Н. Чебышёвъ. Близкая даль. Отъѣздъ

Петербургъ осенью 1918 года. — «Успокоители». — Кухарка на крышѣ. — Дорога въ Кіевъ. — Переѣздъ на Кирочную. — Въ вагонѣ. — Незнакомецъ съ дамой и пакетомъ. — Въ купе съ чекистами. — Извозчикъ, спрашивающій «провизію». — Орша. — «Торговля» съ чекой. — Черезъ границу въ фаэтонѣ.

Въ десятыхъ числахъ сентября 1918 года надо было принимать рѣшенія. — Представлялось несомнѣннымъ: — если оставаться въ Петербургѣ, то придется или служить большевикамъ или умирать съ голода. Послѣ убійства Урицкаго начались массовые аресты и разстрѣлы. Изъ знакомыхъ въ то время были увезены въ Кронштадтъ и убиты, вмѣстѣ съ другими арестованными, въ числѣ болѣе ста, Ф. Треповъ и В. А. Бутурлинъ.

Мученія близкихъ не кончались на этомъ.

Послѣ гибели В. Ф. Трепова появился неизвѣстный, увѣрявшій, что онъ случайно былъ свидѣтелемъ происшествія. Описывалъ песчаную косу, гдѣ это происходило, говорилъ, что видѣлъ, какъ передъ разстрѣломъ съ В. Ф. снимали пальто, но думаетъ, что В. Ф. выжилъ, что его недострѣлили. «Успокоители» обыкновенно выманивали деньги. Но иногда «визиты» не сопровождались вымогательствомъ. Работала вѣроятно чека, проводившая развѣдку въ семьяхъ, гдѣ могла зрѣть месть. Хотѣли еще кого-нибудь выловить.
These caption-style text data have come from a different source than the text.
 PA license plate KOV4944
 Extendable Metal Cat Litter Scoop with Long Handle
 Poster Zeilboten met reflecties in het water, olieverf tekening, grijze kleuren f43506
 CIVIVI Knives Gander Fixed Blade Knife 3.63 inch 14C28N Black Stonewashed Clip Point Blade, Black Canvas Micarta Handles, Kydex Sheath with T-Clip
Незнакомецъ обычно зналъ «подробности», чѣмъ снискивалъ довѣріе. А зналъ «подробности» только потому, что былъ чекистомъ.

***

Не страхъ расправы гналъ изъ Петербурга. Не страхъ смерти отъ большевиковъ, а страхъ жизни при большевикахъ. Мы еще не давали себѣ отчета въ опасности. Мы не привыкли бояться. Въ іюлѣ мѣсяцѣ я по порученію петербургскаго «праваго центра» съѣздилъ на развѣдки въ Кіевъ, откуда вернулся въ Петербургъ для доклада организаціи. О поѣздкѣ своей я вкратцѣ разсказалъ въ другомъ отрывкѣ «Близкой дали» («Возрожденіе» отъ 8 декабря 1928 г.).
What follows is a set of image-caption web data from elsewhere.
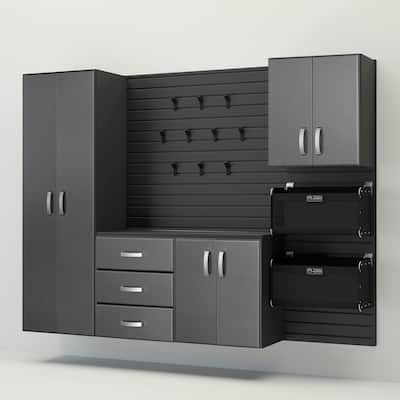 18 Piece Slatwall Panel, Cabinet, Hook, Soft Bin and Large Workstation Storage Set - Black Slat Wall/Graphite Carbon Cabinet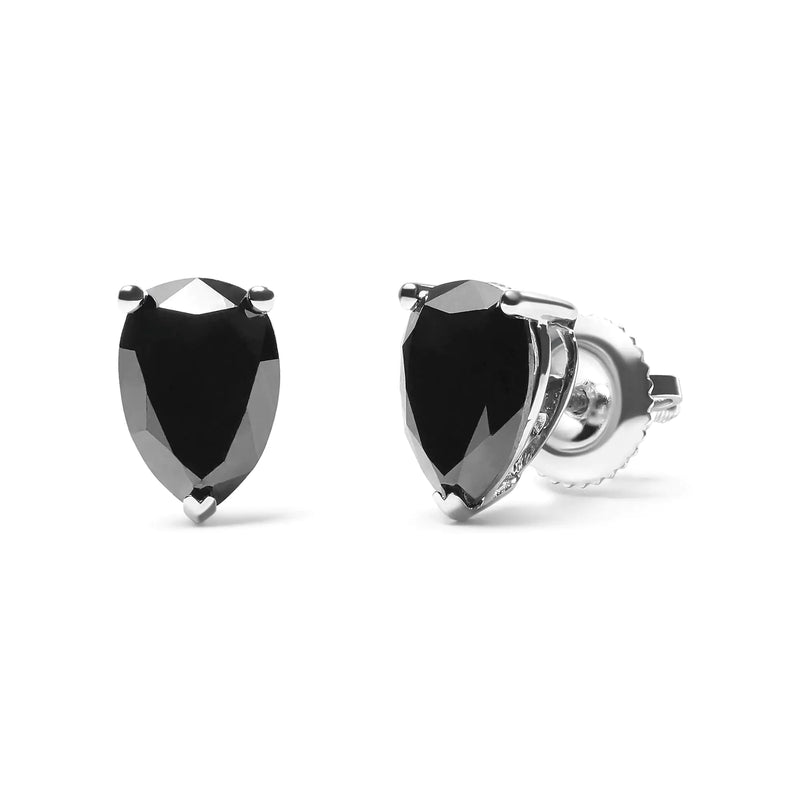 14K White Gold Treated Black Pear Shaped Solitaire Diamond 3 Prong Stud Earrings (Black Color, VS2-SI1 Clarity) - The Snow Owls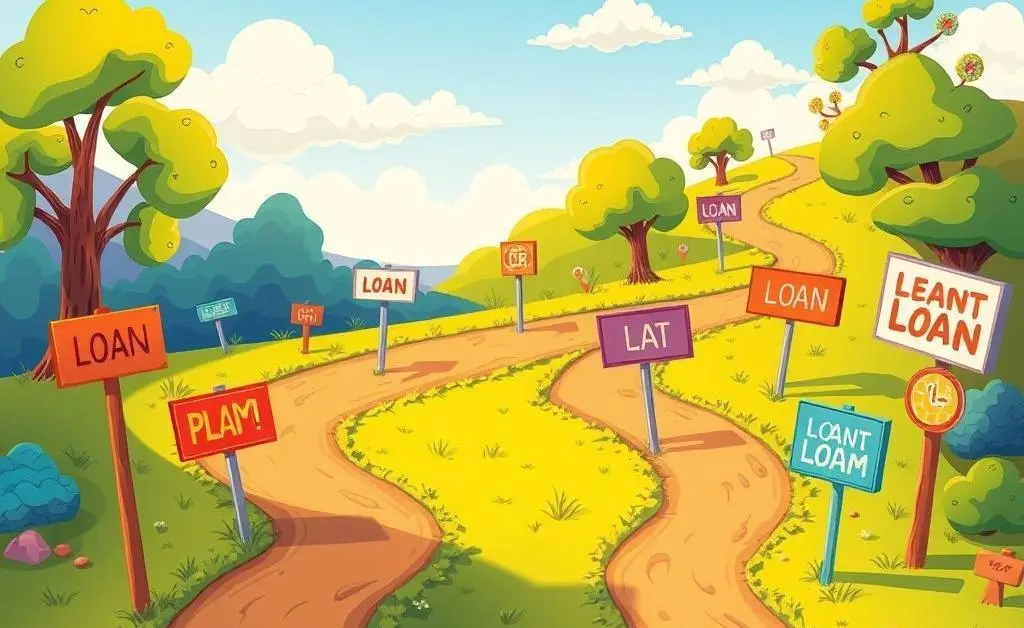 A winding pathway with different loan signs at each fork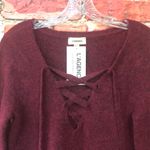 L'Agence Maroon Red Revolve Candela Lace Up Flare Sleeve Sweater Photo 5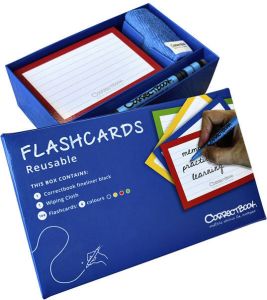 Correctbook Flashcards (systeemkaarten) ft A5 uitwisbaar herbruikbaar gelijnd pak van 144 stuks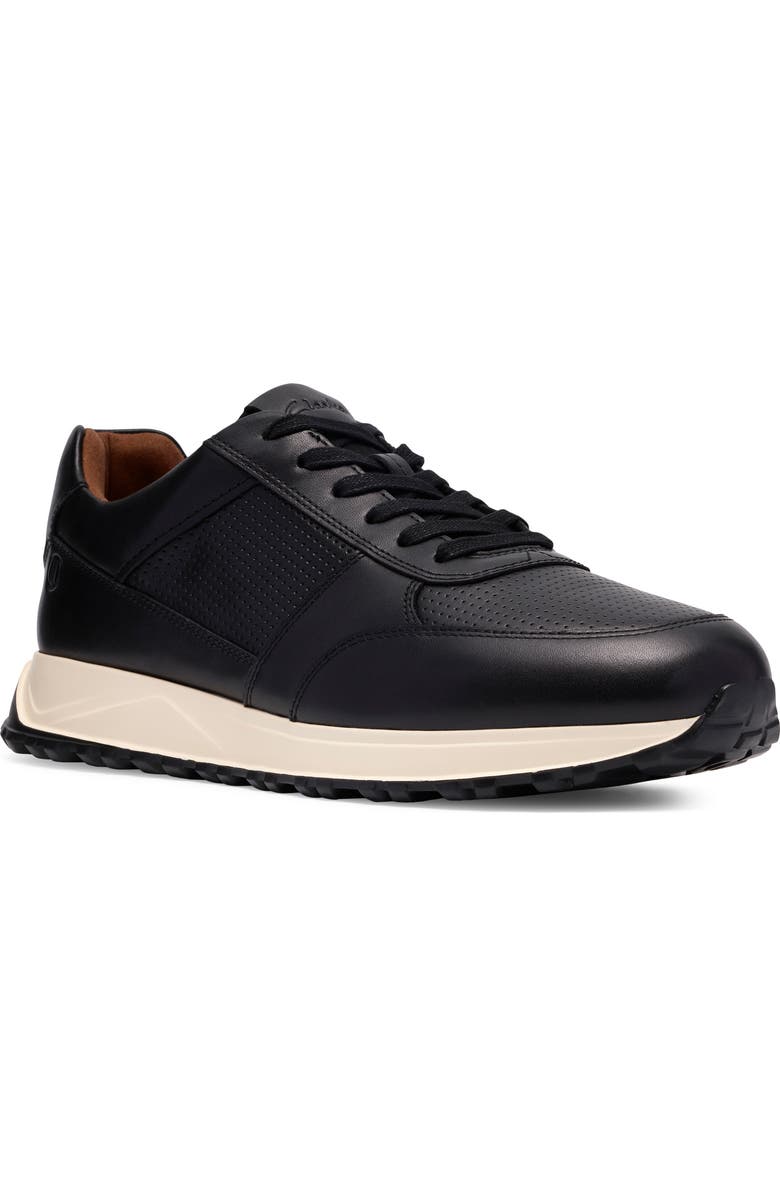 Clarks<sup>®</sup> Radwell Lace-Up Leather Sneaker, Main, color, Black Leather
Недавно П. Я. Рыссъ напомнилъ мнѣ, что я по возвращеніи изъ Кіева сдѣлалъ сообщеніе о поѣздкѣ на собраніи, созванномъ городскимъ комитетомъ партіи народной свободы. Эпизодъ этотъ у меня изгладился изъ памяти, и когда П. Я. мнѣ о немъ разсказывалъ, то я первоначально не хотѣлъ вѣрить — до того мой поступокъ, теперь, послѣ всего пережитаго, казался мнѣ безразсудно неосторожнымъ.
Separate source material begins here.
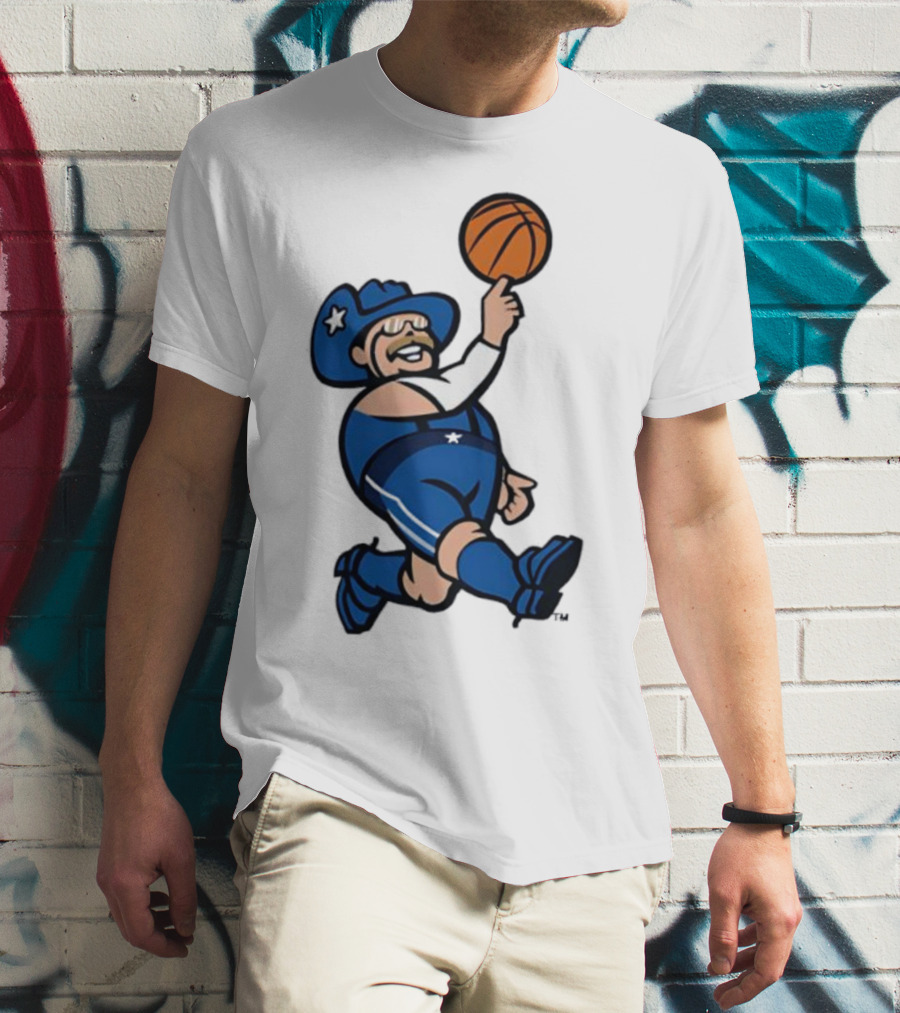 Frisco RoughRiders Dallas Mavericks Crossover Mascot Basketball Cowboy T-Shirt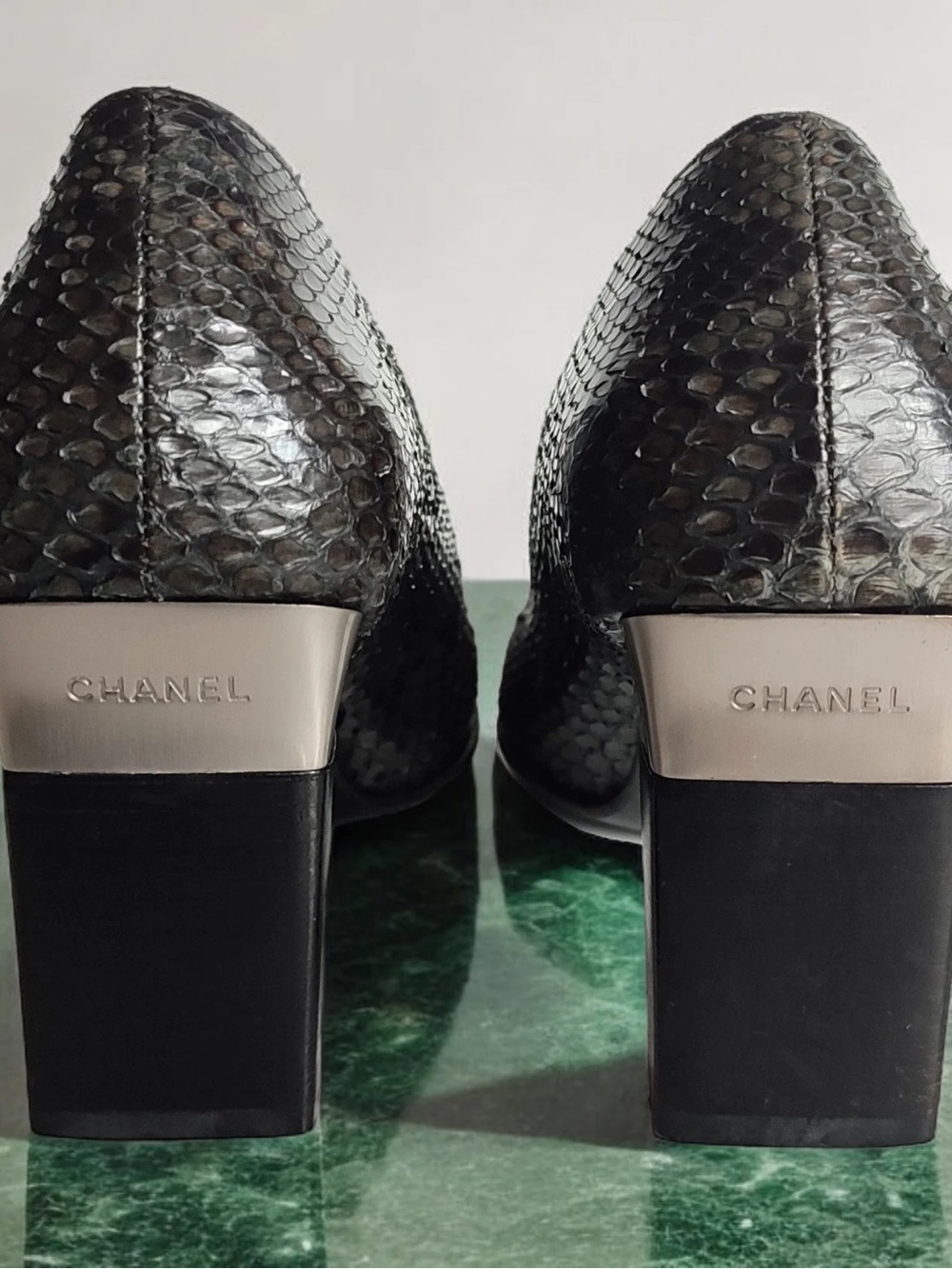 CHANEL 90's Vintage Snakeskin Pumps in Grey Square Toe Block Heel Back 37.5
Я рѣшилъ уѣхать. Чувствовалъ какое-то нароставшее неблагополучіе. Около меня кто-то ходилъ. Я получилъ письмо, анонимное, съ угрозами. Разъ позвонила женщина:

— Мой совѣтъ — поскорѣе уѣзжайте.

— Кто вы такая?

— Вы меня не знаете.

И повѣсила трубку.

Происходили роковыя совпаденія, которыя при будничной обстановкѣ не случаются или незамѣтны. Я по конспиративнымъ дѣламъ заходилъ къ единомышленнику, служившему въ торговой фирмѣ, контора которой помѣшалась въ квартирѣ по парадной лѣстницѣ большого петербургскаго дома. Обыкновенно мнѣ открывалъ нашъ «агентъ», я проходилъ не замѣченнымъ никѣмъ въ его кабинетъ, бесѣдовалъ съ нимъ и такъ же никѣмъ не замѣченный удалялся. Я могъ быть увѣренъ, что ни въ квартирѣ, гдѣ помѣщалось предпріятіе, ни вообще въ этомъ домѣ меня никто не зналъ. Однажды я замѣтилъ новаго швейцара, который мнѣ необыкновенно привѣтливо поклонился. Я съ тревогой его спросилъ, не знаетъ ли онъ меня?

— Какъ же, г. Чебышевъ, вѣдь я служилъ раньше въ домѣ, гдѣ вы изволили часто бывать (онъ назвалъ улицу и фамилію моихъ друзей).

Одинъ изъ двухъ или трехъ швейцаровъ, знавшихъ меня въ Петербургѣ, перешелъ на службу именно въ одинъ изъ двухъ или трехъ домовъ Петербурга, гдѣ его присутствіе представляло для меня опасность!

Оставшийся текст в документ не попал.